Meta's New Voicebox AI Serves Up Generative Text-To-Speech

Meta has introduced its own generative AI model, but instead of creating images like Dall-E or writing answers like ChatGPT, this one focuses on audio generation. Named "Voicebox," Meta's AI tool can instantly generate human-like audio clips. Then, it goes a step ahead and offers capabilities like noise removal and language translation in six dialects.

One of the most impressive abilities of Voicebox is clearing noise from an audio clip. For example, if an audio clip in which a person can be heard speaking is polluted by a car horn, the AI model removes the noise and returns almost crystal-clear audio. It's almost like Google's Magic Eraser tool, which removes unwanted objects from a photo, and then performs intelligent pixel-filling so that the removed elements blend seamlessly with the surroundings.

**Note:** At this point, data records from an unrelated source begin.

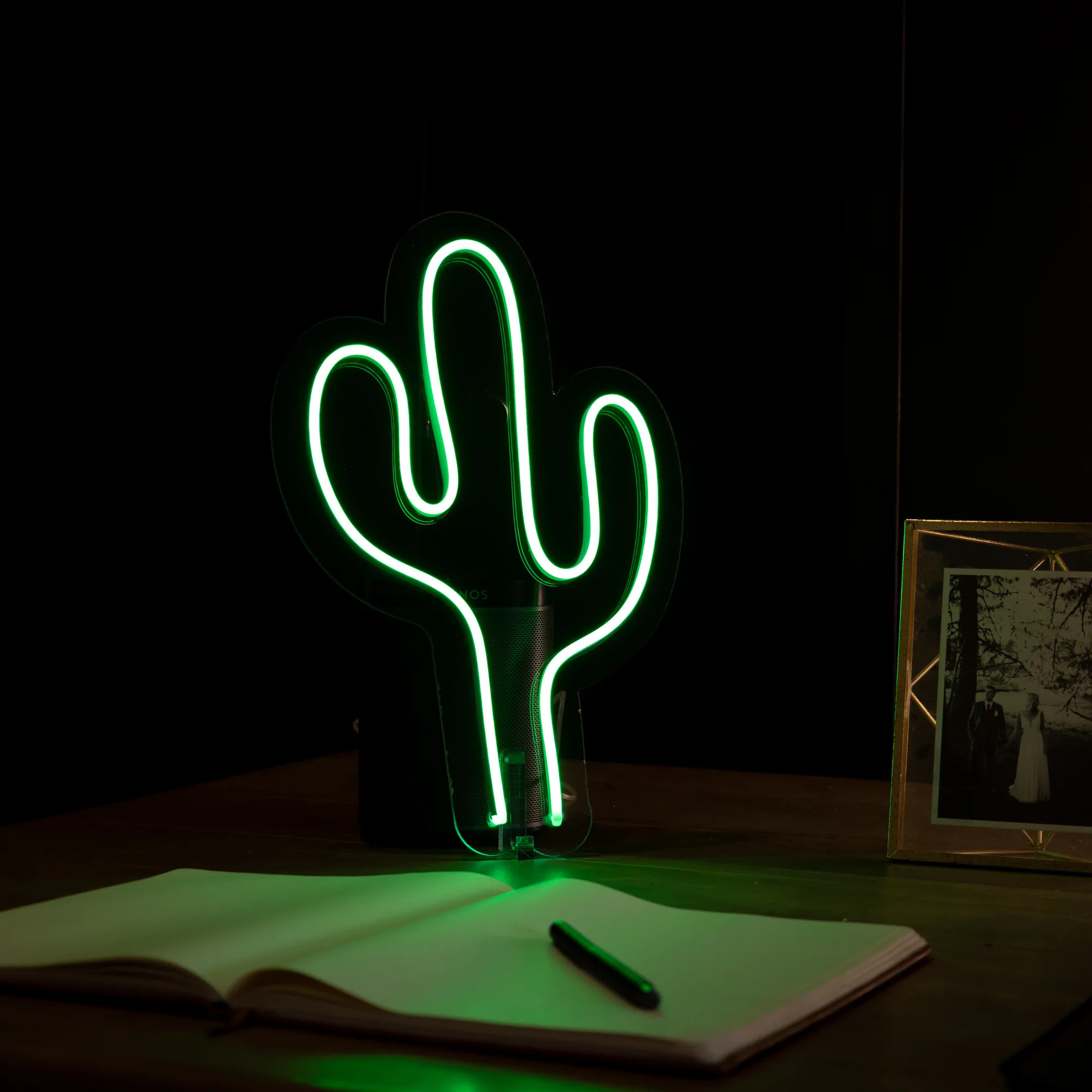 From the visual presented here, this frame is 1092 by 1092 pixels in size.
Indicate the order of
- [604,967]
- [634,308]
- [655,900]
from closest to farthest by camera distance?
1. [604,967]
2. [655,900]
3. [634,308]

Voicebox can also perform multi-language speech sampling, and currently offers support for English, French, German, Spanish, Polish, and Portuguese. Thanks to its linguistic chops, Voicebox can return an audio clip in the preferred language, even if the text input is in another language. This could come in handy for conversations where language barriers exist.

Google already offers this convenience right in your ears if you own one of the recent Pixel Buds TWS earbuds and a Pixel phone. Meta has done remarkable work in this field too, thanks to its own Massively Multilingual Speech AI research models that can understand over 4,000 spoken languages from all over the world.

With great power comes great responsibility

Voicebox relies on a novel training method called Flow Matching, which is claimed to offer higher intelligibility at text-to-speech jobs, and returns a higher rate of audio similarity when compared to the original training material. Compared to rival models out there, Meta says Voicebox brings the text-to-speech error rate down from 10.9% to 5.2%. It allows style transfer from one language to another, making the audio output sound more authentic.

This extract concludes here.